The baby naming process has become increasingly complex over recent years. No longer is it a case of choosing between classic names like James, Mary or that of a cherished relative, there are thousands of sites to consult, advisers to hire. And nothing throws a spanner between mom- and-dad-to-be like having to agree on what to call their newborn.
My husband and I were no exception. Though we disagreed on virtually every name, the laughs we had throughout the selection process diffused most of the tension. We extended the mirth by leading relatives to believe that we planned to name our firstborn son Gonzo, or worse yet, as a nod to my husband's heritage, some unpronounceable Gaelic name.
As it turns out, Gonzo was just the tip of the weird iceberg.

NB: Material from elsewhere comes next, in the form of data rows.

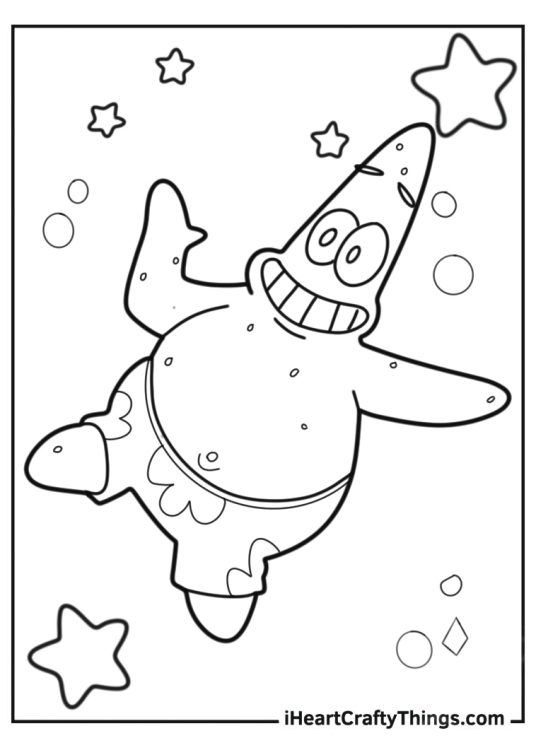 Coloring Page Of Patrik The Starfish For Kids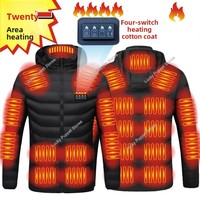 Winter Heated Down Jacket with Hood for Men Women USB Charging Thermal Coat 21-Zone Warm Puffer Jacket Electric Heated Parka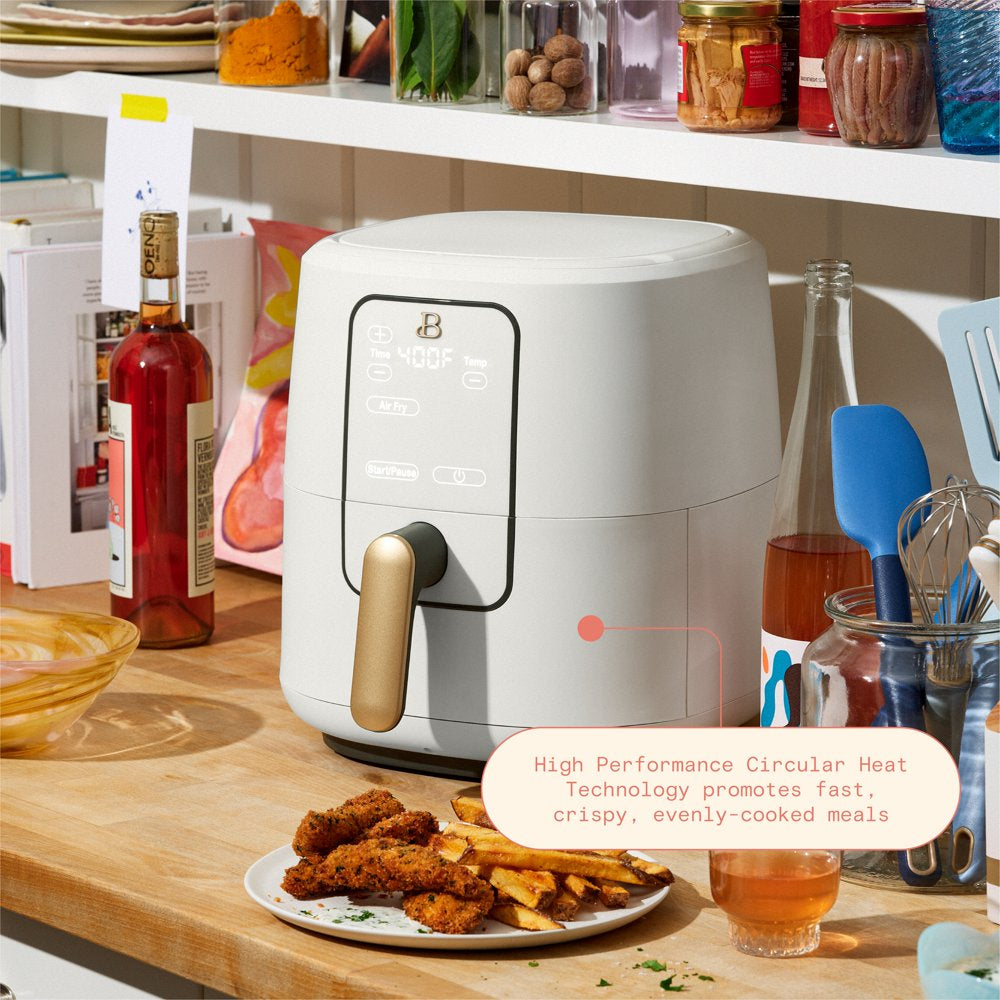 Beautiful 6-Quart Air Fryer with Turbocrisp Technology and Touch-Activated Display, White Icing by Drew Barrymore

The folks at Nameberry went and compiled the hundred wackiest from the U.S. last year. Who knows what these parents were thinking, suffice to say they will no doubt suffer from some serious baby name remorse.
We're talking weird—from the 'future troublemakers' Capone and Juvenal, to mother nature's son, Cougar, Fox, and Bear. Not to mention the badasses, Tank and Notorious, Marvellous, Famous, and Tupac.
For cultural trends, it's Mad Men all the way, with six Draper kids released into the world. Homage to the late Dirty Dancer, Swayze. And Elvis is back (if he ever went away), as are the corresponding names Graceland, Presley, and Memphis.
The Royal wedding appears to have left its mark, as the absurdly conjoined Princewilliam, Princemichael, and Sircharles will attest.
While the calendar has historically provided baby name inspiration (April, June), it saw some new twists, including Tomorrow, Evening, and Future.
My personal faves: Moo. And lest we forget the northerly neighbours, at least 14 girls last year were named none other than Eh.
Oh, and intoxicants featured, too: Tequila, Chardonnay, and (I kid you not) Abeer.
So there you have it, your Monday morning giggle, courtesy of YMC. Now, quid pro quo. What's the most ridiculous baby name you've ever heard?